Now doing (1) but I'm trying to get more out of it. I have to take a
look
closer at Rob Vasse's suggestion:
ARQ.getContext().set(ARQ.**optIndexJoinStrategy,
false);
Yes; it is a great feature that we can turn on and off certain
optimizations!
Rob, can we turn that on and off by the ARQ command line?

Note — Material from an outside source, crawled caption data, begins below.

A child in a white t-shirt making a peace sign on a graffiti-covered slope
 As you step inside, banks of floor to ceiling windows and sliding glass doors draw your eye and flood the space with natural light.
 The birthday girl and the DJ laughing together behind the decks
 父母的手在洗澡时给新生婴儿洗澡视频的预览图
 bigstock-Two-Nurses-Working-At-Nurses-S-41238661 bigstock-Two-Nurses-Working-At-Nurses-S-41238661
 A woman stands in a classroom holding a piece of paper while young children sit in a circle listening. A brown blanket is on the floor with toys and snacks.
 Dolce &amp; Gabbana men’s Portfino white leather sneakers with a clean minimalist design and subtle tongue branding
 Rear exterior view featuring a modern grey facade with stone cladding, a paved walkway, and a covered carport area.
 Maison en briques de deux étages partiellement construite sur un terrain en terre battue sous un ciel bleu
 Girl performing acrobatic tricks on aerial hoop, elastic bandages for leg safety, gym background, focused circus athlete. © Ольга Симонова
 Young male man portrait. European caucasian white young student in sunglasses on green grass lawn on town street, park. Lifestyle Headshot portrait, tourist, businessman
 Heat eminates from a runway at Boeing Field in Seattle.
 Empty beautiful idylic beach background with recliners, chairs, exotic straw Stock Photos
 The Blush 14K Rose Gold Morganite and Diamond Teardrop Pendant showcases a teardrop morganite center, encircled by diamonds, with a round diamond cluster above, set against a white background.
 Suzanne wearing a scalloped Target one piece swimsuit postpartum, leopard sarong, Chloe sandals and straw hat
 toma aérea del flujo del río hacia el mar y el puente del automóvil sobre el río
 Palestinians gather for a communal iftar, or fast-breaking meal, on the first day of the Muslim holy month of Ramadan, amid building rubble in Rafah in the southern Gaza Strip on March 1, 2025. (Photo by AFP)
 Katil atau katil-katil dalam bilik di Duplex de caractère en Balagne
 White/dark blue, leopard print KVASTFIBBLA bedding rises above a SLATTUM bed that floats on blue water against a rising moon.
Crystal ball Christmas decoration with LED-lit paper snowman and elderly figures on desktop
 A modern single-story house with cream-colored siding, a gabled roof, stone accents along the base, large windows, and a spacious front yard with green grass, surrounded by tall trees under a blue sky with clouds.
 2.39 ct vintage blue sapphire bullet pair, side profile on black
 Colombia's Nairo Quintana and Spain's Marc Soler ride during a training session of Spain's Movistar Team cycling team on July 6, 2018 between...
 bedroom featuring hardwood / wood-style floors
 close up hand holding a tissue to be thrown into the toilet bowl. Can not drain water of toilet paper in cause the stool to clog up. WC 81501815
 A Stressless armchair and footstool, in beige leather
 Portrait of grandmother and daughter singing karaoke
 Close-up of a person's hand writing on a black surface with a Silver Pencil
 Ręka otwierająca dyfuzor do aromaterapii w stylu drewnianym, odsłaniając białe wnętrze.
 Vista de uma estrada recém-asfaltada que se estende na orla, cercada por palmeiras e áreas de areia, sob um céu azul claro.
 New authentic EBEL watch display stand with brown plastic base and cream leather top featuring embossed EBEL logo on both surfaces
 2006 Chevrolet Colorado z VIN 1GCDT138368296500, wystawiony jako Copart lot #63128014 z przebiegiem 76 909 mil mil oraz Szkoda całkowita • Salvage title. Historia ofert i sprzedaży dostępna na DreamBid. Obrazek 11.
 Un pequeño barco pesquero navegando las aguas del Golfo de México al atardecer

As for optimizing the query, I would try separating the each query
into a
UNION, one part with the OPTIONAL, the other without it. Getting the
subproperties, depending on which triplestore you're querying, can be
expensive too. If it's Fuseki+TDB and you have access to the server
configuration, you could turn on RDFs inference. Also, the order of the
triples can influence a lot on the overall query performance - put the
triples that return lesser results before the others.
Good luck!
I'm not sure I see how UNION can be used as per your suggestion such
that
the results contain values for each field. Only one of the variables in
OPTIONAL is used towards the final output. Duplicating the earlier
pattern
plus what was in OPTIONAL is probably not ideal. Did I misunderstand
you?
Yes, but that was an idea based solely on my experience with RDB. Writing
SELECT * FROM A WHERE type_id in (1,2)
can be slower than
SELECT * FROM A WHERE type_id = 1
UNION ALL
SELECT * FROM A WHERE type_id = 2
, believe me or not. I never really worked with OPTIONALs so I'm guessing
it out of thin air. But I think's worth the shot.
I'll test it with only RDFS inference.
The SPARQL will look better too.
cheers!
dfcp
Based on my tests, the order of the statements are as good as they get.
Thanks for the suggestions.
-Sarven